**EXERCISE INSTRUCTIONS:**
Each line of the entries that mentions the string "Cozy" needs to be reported.

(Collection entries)
↓↓↓

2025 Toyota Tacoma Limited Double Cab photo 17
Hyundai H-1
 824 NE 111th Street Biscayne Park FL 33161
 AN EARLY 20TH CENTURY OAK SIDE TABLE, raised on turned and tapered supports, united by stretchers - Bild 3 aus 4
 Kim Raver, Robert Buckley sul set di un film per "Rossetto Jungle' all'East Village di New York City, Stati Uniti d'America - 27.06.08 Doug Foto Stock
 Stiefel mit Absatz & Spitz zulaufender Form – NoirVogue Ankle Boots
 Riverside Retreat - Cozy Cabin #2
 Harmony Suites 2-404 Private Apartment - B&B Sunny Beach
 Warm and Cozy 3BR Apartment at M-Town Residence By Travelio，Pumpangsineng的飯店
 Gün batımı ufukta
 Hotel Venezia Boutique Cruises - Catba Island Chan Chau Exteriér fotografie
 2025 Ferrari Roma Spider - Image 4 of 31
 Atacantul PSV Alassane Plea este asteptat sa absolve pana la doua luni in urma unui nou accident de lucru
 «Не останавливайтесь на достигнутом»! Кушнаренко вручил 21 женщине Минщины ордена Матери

↑↑↑

**WRITTEN RESPONSE:**
 Riverside Retreat - Cozy Cabin #2
 Warm and Cozy 3BR Apartment at M-Town Residence By Travelio，Pumpangsineng的飯店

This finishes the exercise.